As written and without pictures, set down the lines from the one that contains "this 450×300 image." through the end of the data.

(Data excerpts)
BEGIN
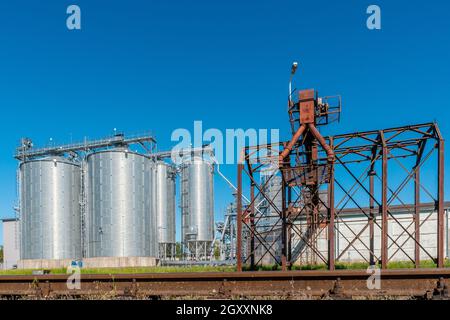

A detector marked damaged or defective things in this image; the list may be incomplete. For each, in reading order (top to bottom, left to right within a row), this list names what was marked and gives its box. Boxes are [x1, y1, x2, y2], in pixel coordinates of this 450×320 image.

rusty crane structure [237, 62, 444, 270]
rusted steel truss frame [237, 122, 444, 270]
rusted steel truss frame [0, 270, 448, 300]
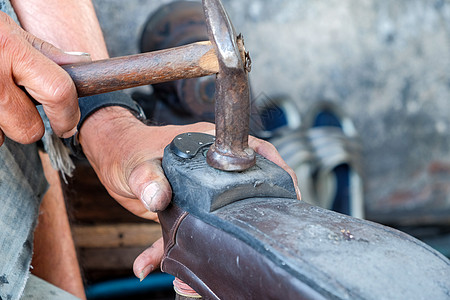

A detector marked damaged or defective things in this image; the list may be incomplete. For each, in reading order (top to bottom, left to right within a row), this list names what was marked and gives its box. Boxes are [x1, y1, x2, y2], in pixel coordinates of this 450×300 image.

rusty tool [62, 0, 255, 171]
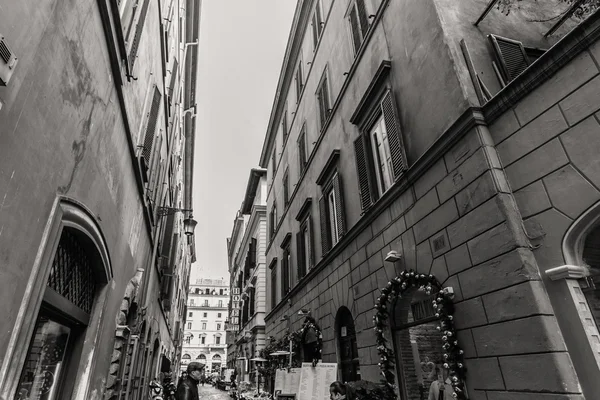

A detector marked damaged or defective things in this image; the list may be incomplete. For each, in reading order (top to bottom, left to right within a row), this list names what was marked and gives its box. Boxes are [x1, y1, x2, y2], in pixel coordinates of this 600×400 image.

facade with peeling plaster [0, 0, 202, 398]
facade with peeling plaster [258, 2, 600, 400]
END
■ Written solution:
A detector marked damaged or defective things in this image; the list may be incomplete. For each, in reading order (top to bottom, left to right within a row), this list names what was marked and gives its box. Boxes are [x1, y1, x2, y2], in pixel coordinates of this 450×300 image.

rusty tool [62, 0, 255, 171]

A detector marked damaged or defective things in this image; the list may be incomplete. For each, in reading order (top to bottom, left to right within a row), this list names what was marked and gives its box. Boxes are [x1, y1, x2, y2], in pixel coordinates of this 600×400 image.

facade with peeling plaster [0, 0, 202, 398]
facade with peeling plaster [258, 2, 600, 400]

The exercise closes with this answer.